This repository contains my submission for the EXXA image-based test (EXXA1, EXXA2, EXXA4) as part of the ML4Sci Google Summer of Code 2025. The task is to build a convolutional autoencoder to reconstruct synthetic continuum observations of protoplanetary disks at 1250 microns, mimicking ALMA data.
The goal is to learn a compressed representation of each disk image and reconstruct it with high fidelity. The model must provide access to the latent space for further morphological or scientific interpretation.
- Train an autoencoder to output reconstructed versions of disk images.
- Ensure the latent space is accessible and meaningful.
- Evaluate performance both quantitatively and qualitatively.
- Build an end-to-end pipeline that can perform inference on new data.
The model used is a custom convolutional autoencoder implemented in PyTorch. The encoder compresses each image into a latent vector, and the decoder reconstructs the original image. The architecture is simple yet effective for capturing disk morphology and features like gaps, rings, and spiral arms.
- Convolutional layers for encoding and decoding.
- ReLU activations, followed by Sigmoid at the output.
- Trained for 30 epochs using the Adam optimizer.
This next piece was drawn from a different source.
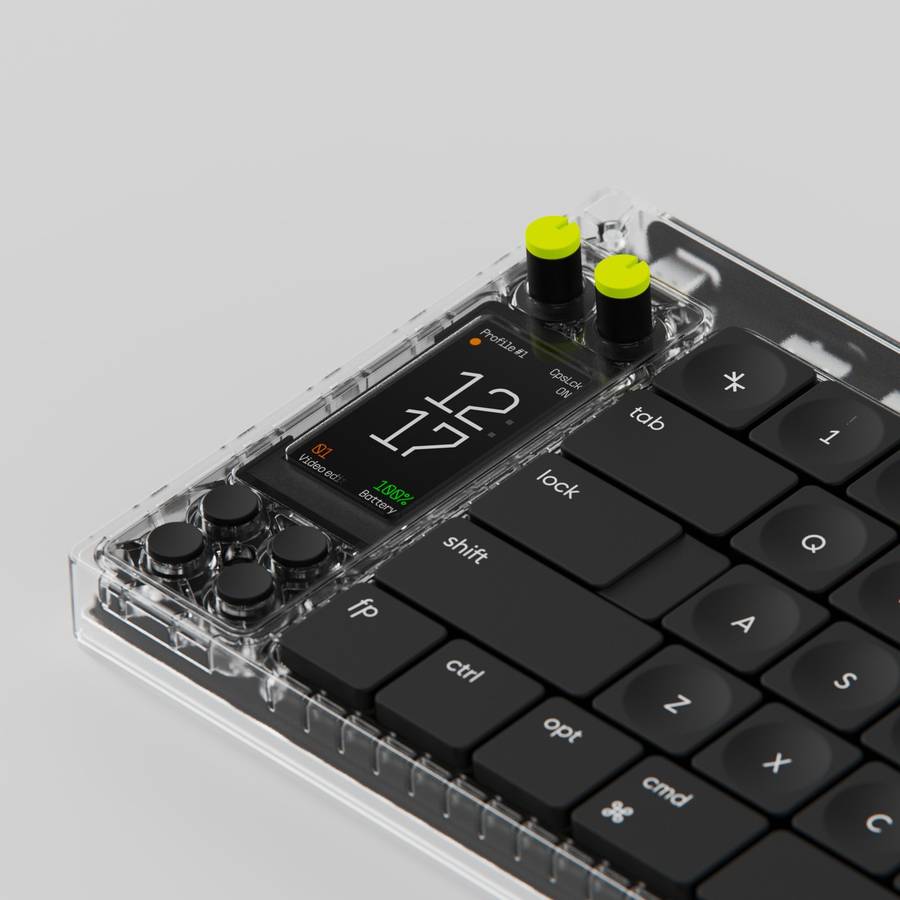 A close view of a mechanical keyboard with a clear case, black keycaps, two yellow green knobs and a small screen showing the time and battery level.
- Achieves low reconstruction error and high MS-SSIM scores.
- Load and preprocess
.fits
images - Normalize and downsample to 128×128
- Train autoencoder using MSE loss
- Evaluate MS-SSIM after each epoch
- Visualize original vs. reconstructed images
- Access and inspect latent space
- Save trained model to
.pth
format
Autoencoder Model: autoencoder.pth
Reconstructed Image Results: Reconstructed Images
The latent vector can be extracted using:
with torch.no_grad():
latent_vec = autoencoder.encode(input_tensor.to(device))